- Born: c. 274 Yathrib, Hejaz
- Died: c. 350 Arabia
- Burial place: Saudi Arabia
- Era: Pre-Islamic era
- Children: Kaʿb ʿAmar ʿAmru other possible children: Samah Saʿad ʿAuf Khazima al-Harith
- Father: Ghalib ibn Fihr

= Lu'ayy ibn Ghalib =

Ancestor of Islamic prophet Muhammad of Arabia

Lu'ayy ibn Ghalib (لُؤَيّ بْن غَالِب) was an ancestor of the Islamic prophet Muhammad. He is the son of Ghalib ibn Fihr who lived in Yathrib.

== History ==
The tradition states that Muhammad was the son of 'Abdullah, b. 'Abdu'I-Muttalib (whose name was Shayba), b. Hashim (whose name was 'Amr), b. Abd Manaf (whose name was al-Mughira), b. Qusay (whose name was Zayd), b. Kilab, b. Murrah, b. Ka'b, b. Lu'ayy, b. Ghalib, b. Fihr, b. Malik, b. al-Nadr, b.
Kinana, b. Khuzayma, b. Mudrika (whose name was 'Amir), b. Ilyas, b. Mudar, b. Nizar, b. Ma'ad, b. Adnan, b. Udd (or Udad), b. Ya'rub, b. Yashjub, b. Noordeen Ali Qedar, b. Isma'il, b. Ibrahim, the friend of the Compassionate.

== Ibn Ishaq's account ==
In Ibn Ishaq's Biography of the Prophet Muhammad (as translated by Alfred Guillaume) he reports these stories: "A soothsayer Shafi' b.
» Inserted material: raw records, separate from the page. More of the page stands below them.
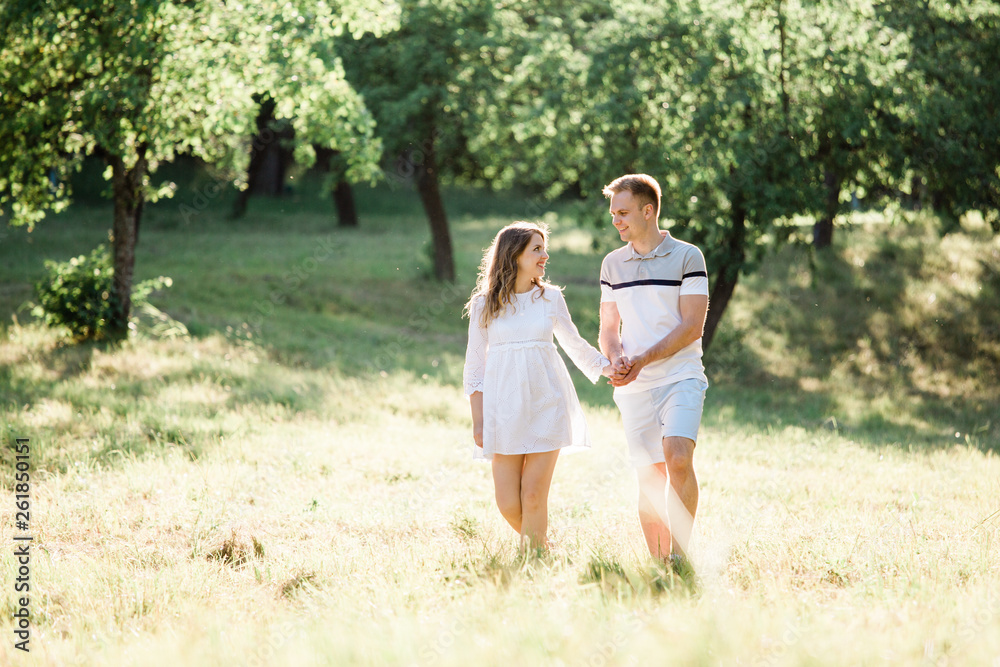 Young pretty couple in love walking  in park. Handsome cheerful blonde girl in white dress hugging her boyfriend. Man and woman having fun outdoors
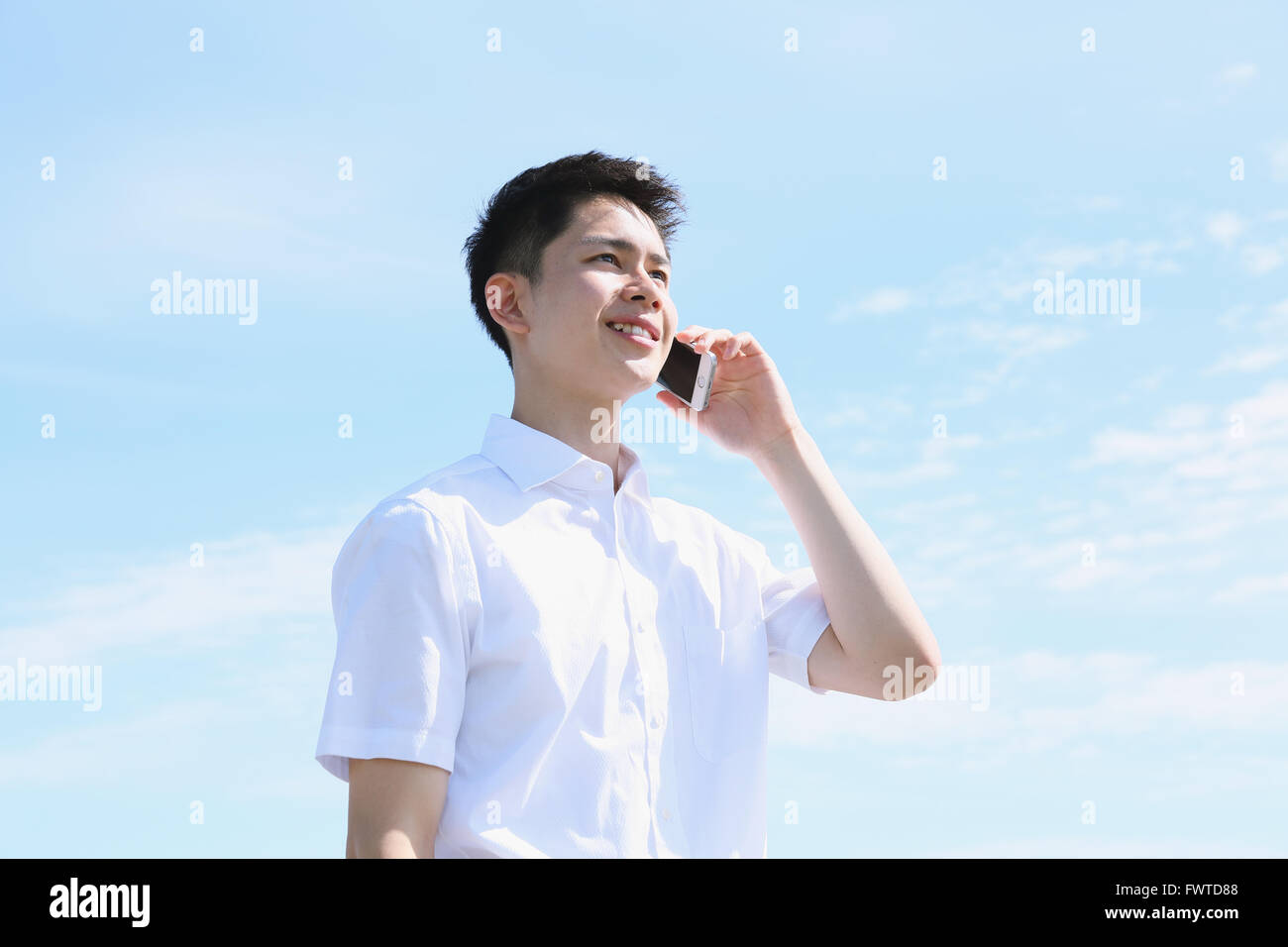 Japanische junge Mann am Telefon am Meer Stockfoto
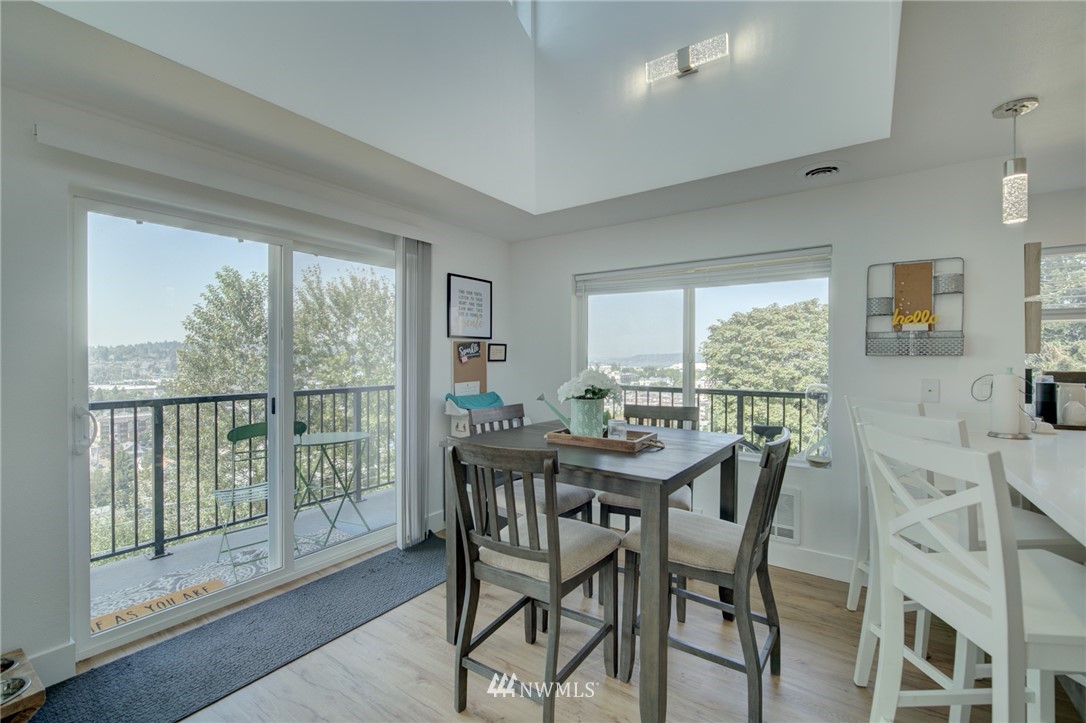 512 Mill Avenue South Renton, WA 98057 - Photo 8 of 19 a view of a dining room with furniture and a table and chairs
Kulayb al-Sadafi had come to Yemen King Tubba'
and lived with him, and when he wished to bid him farewell Tubba' asked
him whether he had anything of importance to communicate, and in the
customary rhymes of saj' (light poems) he told him in reply to the question whether any king would fight with Tubba', "No, but the king of Ghassan had a son whose kingdom would be surpassed by a man of great piety, helped by the Almighty, described in the Psalms (of the Israelites); his people would be favoured by revelation, he would dispel darkness by light, Ahmad the prophet. How blessed his people when he comes, one of the descendants of Lu'ayy from Banu Qusayy. Tubba' sent for a copy of the psalms, examined them, and found the description of the prophet."Lu'ay's grandson Qusay who conquered Mecca for Quraish said a poem taking pride in his grandfather Lu'ay:

I am the son of the protectors from Lu'ayy

in Mecca is my house where I grew.

mine is the valley as Ma'add knows
It is Marwa I delight in
I did not have to battle, had not, the sons of Qedar and Nabit settled here,
Rizh is my helper I fear no injustice as long as I live".